The UI overhaul is now stable.
I like the changes generally but they’re not that big. It’s an evolution rather than a revolution, and thats the right approach.
However I do find the Controller set up tool (for mapping buttons etc) to be trash now. The older version was far far better.
I love the new overlay UI while in game. The menus are smaller and take up less screen space so you don’t have the annoying problem of UI elements overlapping each other, unless it’s by user intent. When steam needs to open a chromium browser in the overlay, now there’s properly a tab feature and URL bar, which is HUGE when you’re trying to browse discussions or guides. The design and gray nature means it’s not difficult to read and is in line with the library UI update which has cleanly smoothed out the feeling of disconnect these past few months. Overall, props to the UI/UX people working behind this update, it looks great and functions even better!
Looks great and they managed to fix fractional scaling to your monitor (wouldn’t work forever on linux mint), was annoying squinting at tiny text.
I just wish it had a light mode.
There are a few settings you can set, to make it more light. I use it, because my computer is a bit old now. Open Steam Settings > Library and tick ON “Low Bandwidth Mode”, “Low Performance Mode”, “Disable Community Content” and disable “Show game icons in the left column”.
Depending on your system, either enable or disable the setting at Steam Settings > Interface > “Enable GPU accelerated renderin in web views” and “Enable hardware video decoding, if supported”.
These tweaks should help with an older system. And Steam has a very small mode too. In the main user interface menu at top, click View > Small Mode.
They might have meant light as opposed to dark, not “lite.”
Oh you are right, that makes totally sense. I was so focused on the performance side. In the past Steam allowed for custom skins, but they never looked great in my opinion or functioned well. If the UI is flexible enough, hopefully the custom skins will make a return. I would like to build my own custom client based on the official client.
JSYK for if you want extra performance: Steam also has a hidden “mini mode”, which you can run by adding this as a launchoption to a steam shortcut (or in a terminal)
steam://open/minigameslist
.Additionally, you can add the
-no-browser
launch option to completely disable the built-in webbrowser.I can’t find any official documentation about these options, but they are certainly there!
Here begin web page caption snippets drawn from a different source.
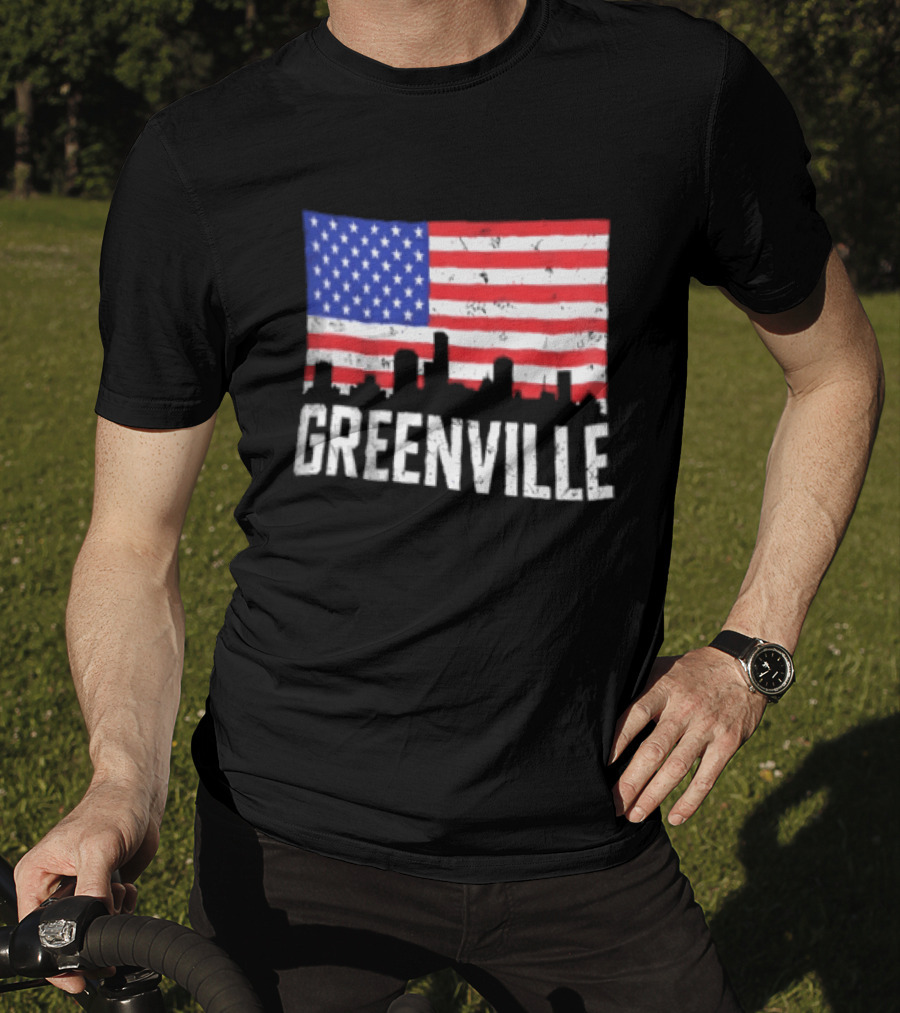 Greenville Skyline American Flag Cityscape T-Shirt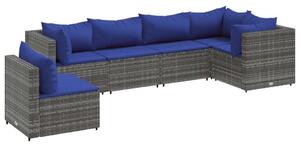 VidaXL Polyrattan Kerti Ülőgarnitúra - 6 részes - Szürke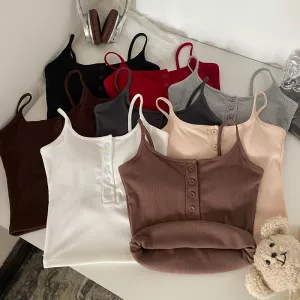 Sleeveless Crop Top Women Camis Button Up Corset Top Summer Clothes 2024 Sexy Party Top Basic Spaghetti Strap Y2K Tank Top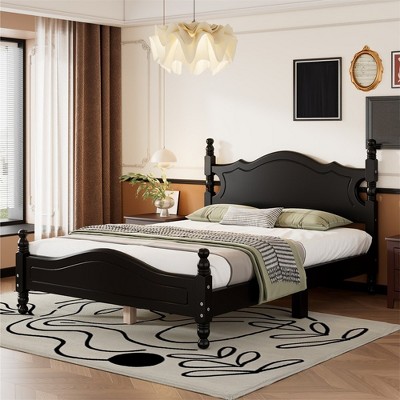 Full/Queen Size Wood House Bed, Easy Assembly, Platform Bed, No Box Spring Needed, Wooden Slat Mattress Foundation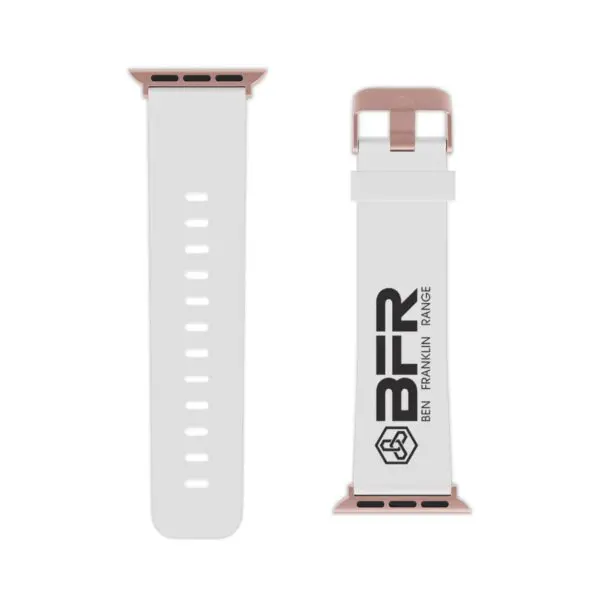 The BFR Logo - Watch Band for Apple Watch is white and pink.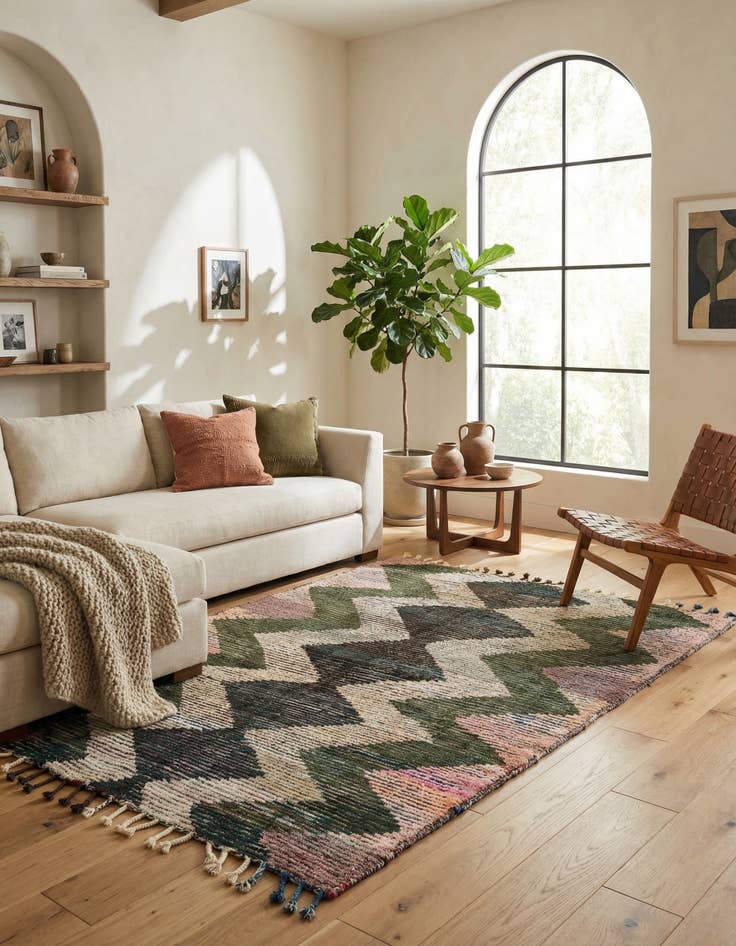 Detail image of 5' 7 x 8' Hand Knotted Moroccan Wool Rug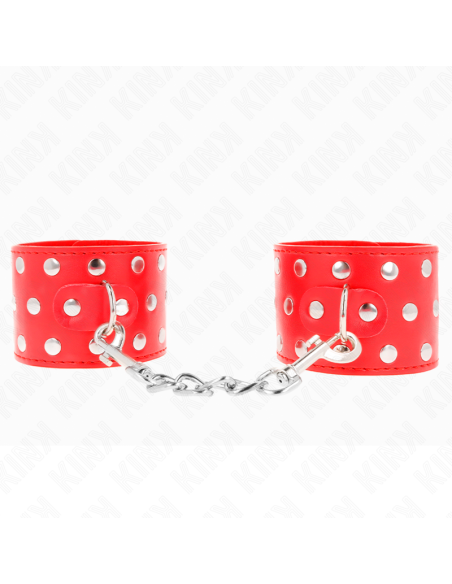 KINK - MUÑEQUERAS CON CIERRE A PRESIÓN LLENO DE TACHUELAS AJUSTABLE ROJO 19-24 CM X 5.5 CM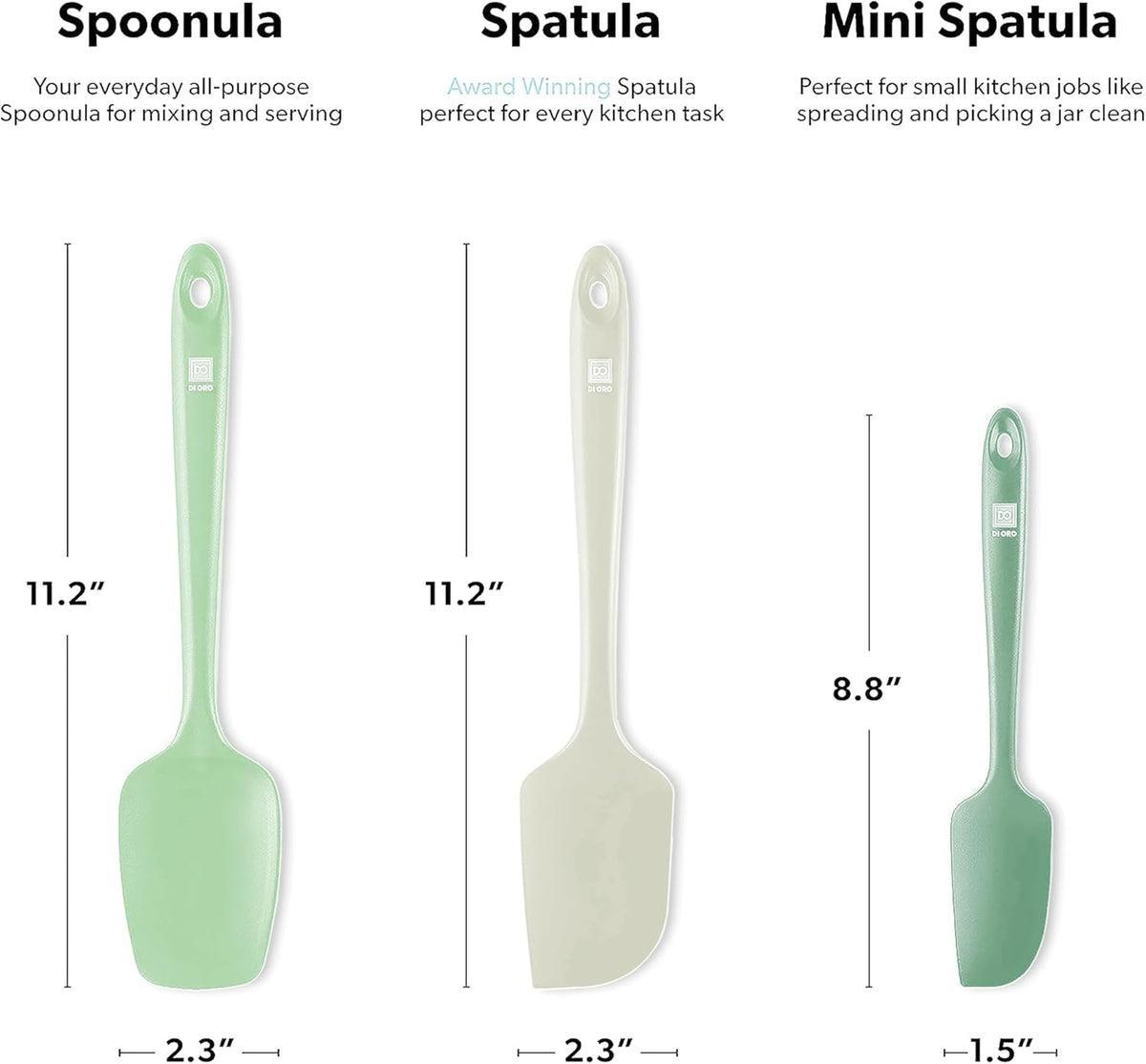 di Oro Living Silicone Spatula Set - Rubber Kitchen Spatulas for Baking, Cooking, & Mixing - 600°F Heat-Resistant & BPA Free Silicone Scraper Spatulas for Nonstick Cookware - Dishwasher Safe (Pastel)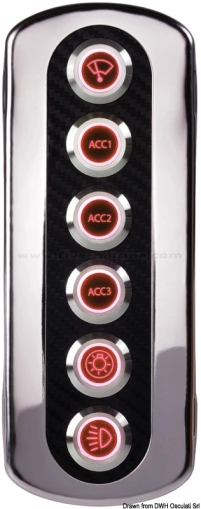 Waterproof IP66 Backlit carbon fiber panel. Red LED - 6 switches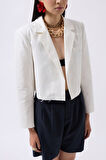 Crop Keten Blazer Ceket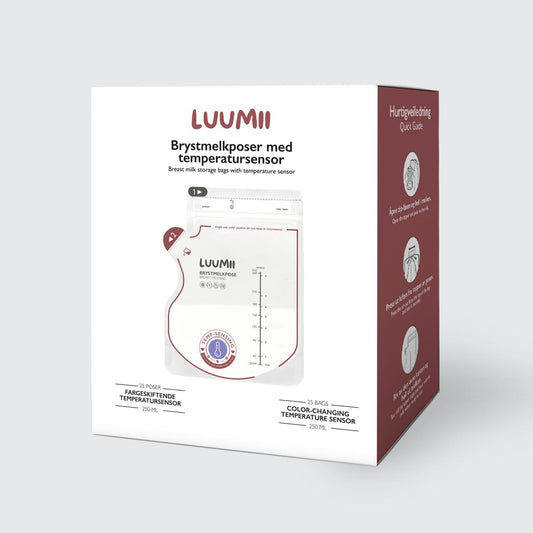 Luumii brystmelkposer med temperatursensor 250 ml – pakke med 25 poser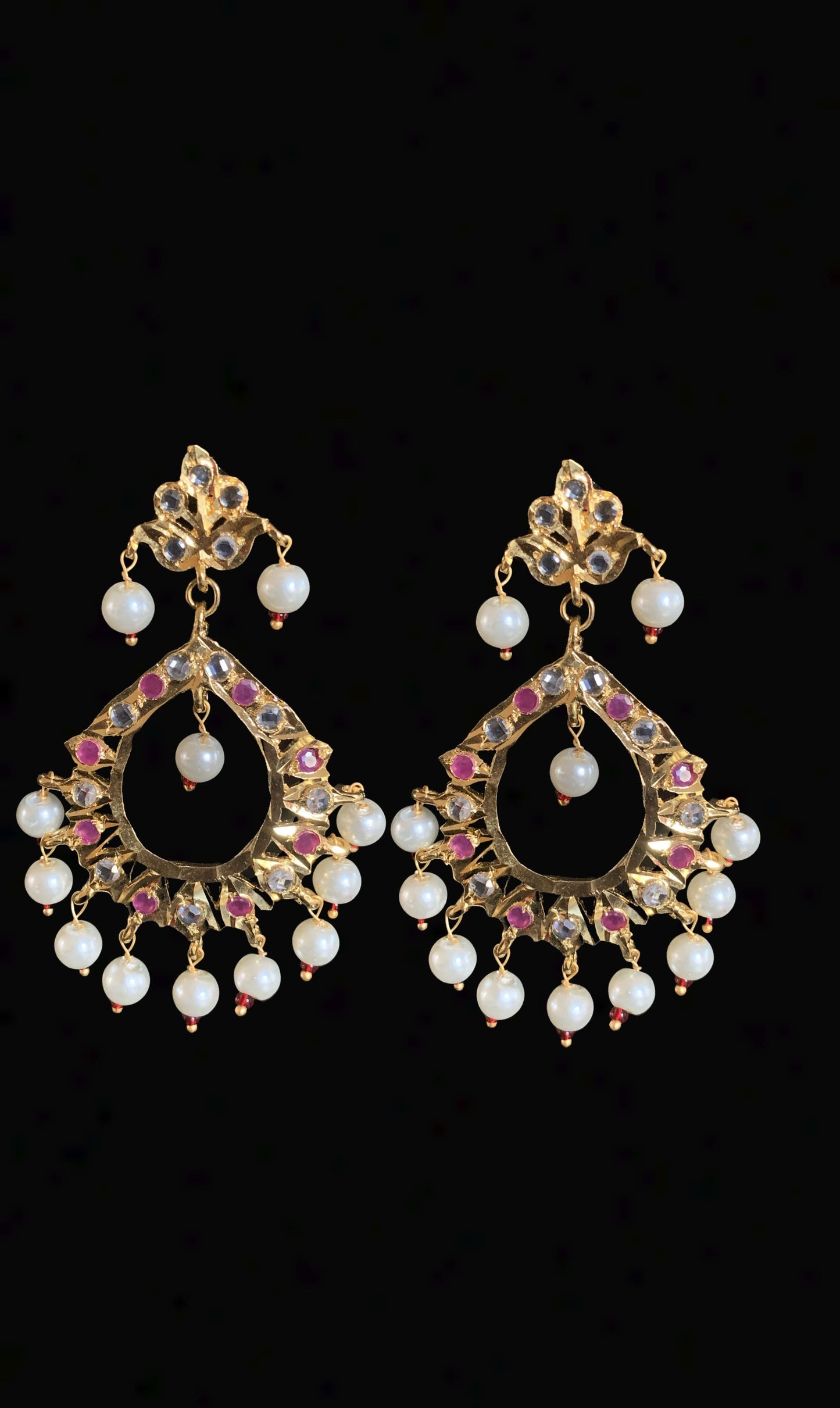 DER269 Maria chandbali in Ruby with pearls ( READY TO SHIP )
@Boabab Thanks for the suggestions! I am well aware of these options for years (but appreciate the suggestions nonetheless): https://gist.github.com/davispuh/6600880
The Mini mode is very limited and won’t stay mini and switches back to normal when doing anything else than starting a game. no browser mode will also break a lot of functionality of Steam. So these options aren’t what I am looking for (have tried them in the past). But overall I am fine with it at the moment. Just mentioned above suggestions to reduce some load for older systems, without losing functionality.
I wish the UI itself would be open source, that connects to the proprietary Steam service. That would be acceptable. It would allow us to write any user interface we need or want (like 100% CLI only ui, I don’t mean just starting a game with a shortcut, I would love that).
You’re welcome! And I agree, a ligtweight Open Source front end would be amazing! I know there is a CLI version of Steam (SteamCMD), but I’m not sure how much of the regular Steam functionality is built into that
Unfortunately, as good as it sounds first, SteamCMD is not what we are looking for. It is just for dedicated servers that use a special Steam API/service. Its needed to install some server applications for those games I think, for developers guess (not sure). Don’t completely understand either… But not something we need or can use for regular gaming.